The FDA responded by allowing a relatively limited number of terminal patients into small clinical trials and what they labeled an “expanded access/compassionate use” program covering a few thousand per year. Patient rights activists persevered by promoting what they called “Right to Try” bills granting right to treatment for all terminally ill patients under proper medical supervision. Such bills were adopted in 38 states with the support of the Goldwater Institute, including by Vice President Mike Pence when he was governor of Indiana.
The FDA opposed each state bill as well as a national version as not necessary because their programs had already expanded access, claiming that drug companies being private companies would still be able to refuse treatment, and that such a policy would undermine FDAs ability to guarantee drug safety for others. Matthew Bellina, a Navy veteran with ALS, responded in 2016 through the Washington Post PowerPost that FDA “disincentivizes” doctors and companies from participating in their own programs “by making the process onerous and by refusing to put in writing that the agency will not use any adverse events that happen outside of clinical trials to shut down a trial or delay approval.”

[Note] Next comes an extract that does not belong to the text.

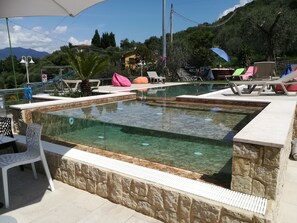 A clear pool with stone walls, surrounded by lounge chairs and umbrellas, with a mountainous backdrop.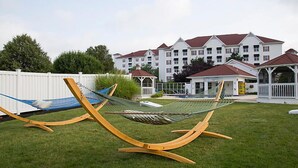 A grassy area with two hammocks and a white fence. In the background, there is a large white building with red roofs and multiple windows.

“If a patient is willing to try a promising treatment — even when he or she understands the risks, a doctor thinks the treatment may help the patient more than anything else on the market today, and a company agrees and is willing to provide the treatment — the federal government should not get a veto stamp,” Bellina argued. The FDA claimed it approved almost all requests for compassionate treatment, about 1,200 a year. But Dr. Razelle Kurzrock of the University of California, San Diego, who ran clinical trials at MD Anderson Cancer Center, told the Goldwater Institute she would “spend hours on the phone with the FDA trying to get a verbal commitment” beforehand. “It’s almost a self-fulfilling prophecy for the FDA to say they approve everything, because you don’t even put in the application before you sort of get a verbal approval from the FDA that it’s worth doing.”
“In 2014, nearly 25,000 people in France were using investigative treatments through that government’s equivalent program,” Bellina continued. “If a country with one-fifth the population of the U.S. can help 2,000 percent more people, we clearly have a problem. No one advocating for the state or federal Right to Try laws thinks it is a magic pill. But it does open up new options for people like me whose time is running out.”
“What is the downside of creating new pathways for the terminally ill to access promising treatments? Maybe the law won’t help millions of people, or even many — but for those that it does help, it’s a game-changer. Just ask the 78 terminal cancer patients who are still with us today because of a state version of this law.”
In response to Bellina’s testimony to Congress and years of public advocacy, Wisconsin Republican Sen. Ron Johnson introduced a Federal Right to Try bill with Democratic Sens. Joe Donnelly, D-Ind.; Joe Manchin, D-W.V.; Angus King, I-Maine; and 40 Republicans as co-sponsors. President Trump supported it too. The bill passed the Senate on August 1, 2017 and was referred to the House of Representatives for final action.
It took 16 years after Abigail Burrough’s death for her inspiration to overcome the regulatory insensitivity of the government’s monopolistic drug approval process — and it is still not law today, with the FDA still opposed but hopefully less intransigent about implementing the law than it was for Bexxar and the others.